The governing equation of the micro-beam actuated by electrostatic force was derived based on the strain gradient theory with the aid of variational principle. The reduce model was obtained based on the Rayleigh-Ritz method. The pull-in voltage was solved by the Newton-Raphson method. Effects of the strain gradient on the pull-in voltage were investigated. The results show that the dimensionless pull-in voltage increases significantly with the dimensionless micro-beam thickness decreasing, showing a significant size effect. When the intrinsic material characteristic length increases, the size effect of the dimensionless pull-in voltage is more significantly, indicating that the effect of the strain gradient on the micro-beam pull-in voltage is remarkable.
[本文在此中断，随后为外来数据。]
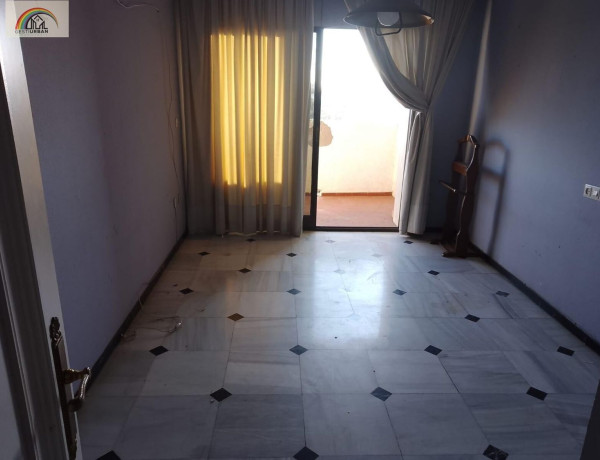 Piso en alquiler en  Centro - Casco Histórico , Distrito Centro - Casco Histórico photo 3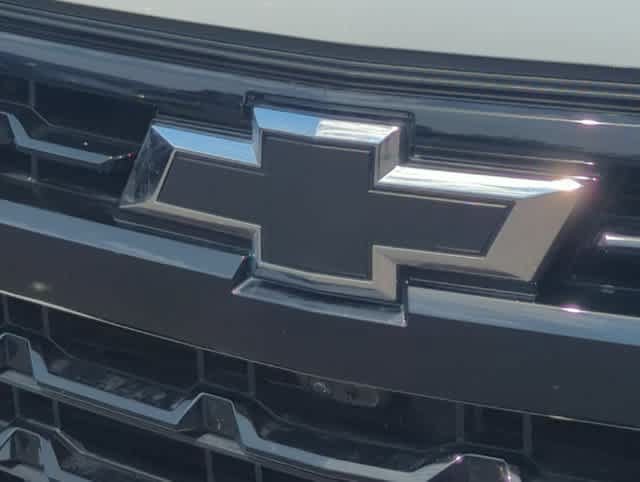 Used 2024 Chevrolet Silverado 1500 LT Trail Boss AWD/4WD image 11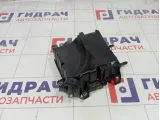 Корпус блока предохранителей Renault Fluence 284B10002R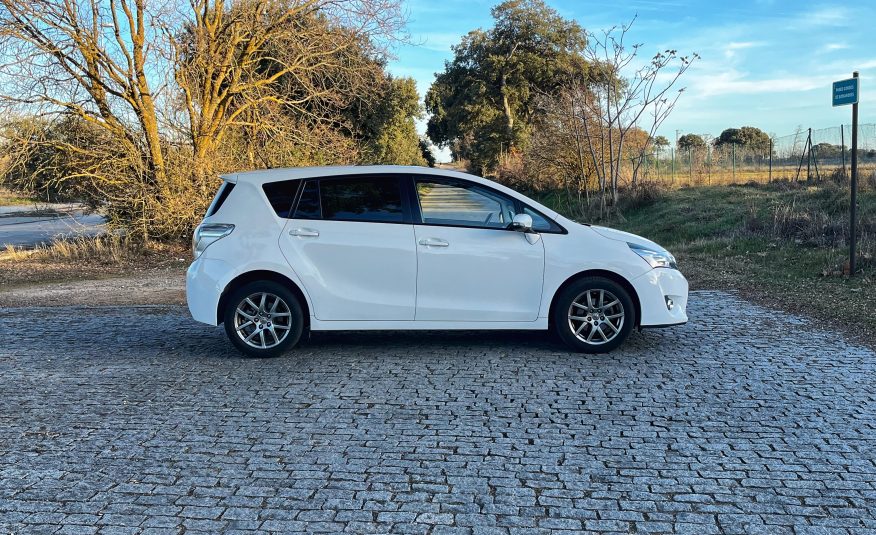 VENDIDO: TOYOTA VERSO CONFORT 1.6 132CV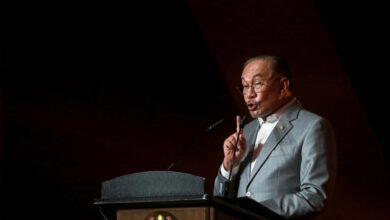Upko’s Ewon still in federal Cabinet, PM says days after resignation threat over Sabah rights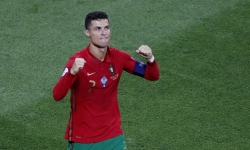 Siêu sao Ronaldo lập siêu kỷ lục vĩ đại nhất lịch sử bóng đá thế giới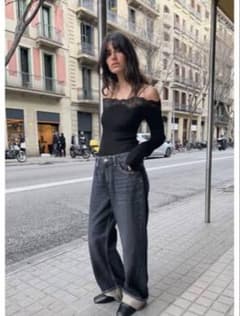完売品⭐︎ZARA オフショルダーTシャツ M ブラック　レース 完売品✨】ZARA レース オフショルダーTシャツ 黒色Sサイズ - メルカリ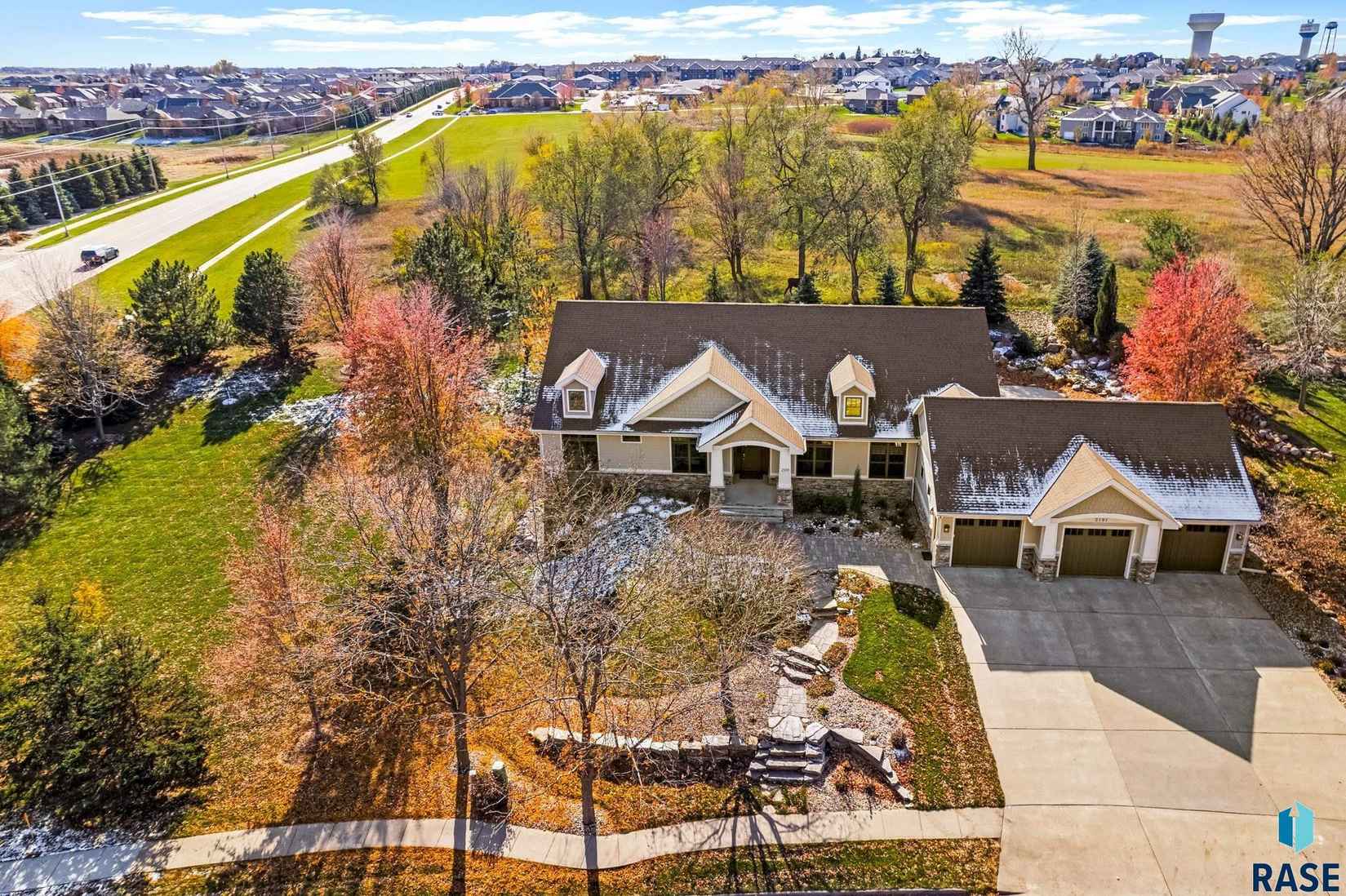 2101 W Black Rock Cir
When the dimensionless micro-beam thickness decreases, the effect of the residual stress on the dimensionless pull- in voltage is significant. The size effect of the normalized pull-in voltage is weakened when the residual stress increases, indicating the residual stress can decrease the effect of the strain gradient on the pull-in voltage. The effect of the mid-plane stretch on the pull-in voltage is reduced markedly when the strain gradient is considered. The results can prove the reference in the design of micro structures in MEMS （micro-electrical-mechanical system）.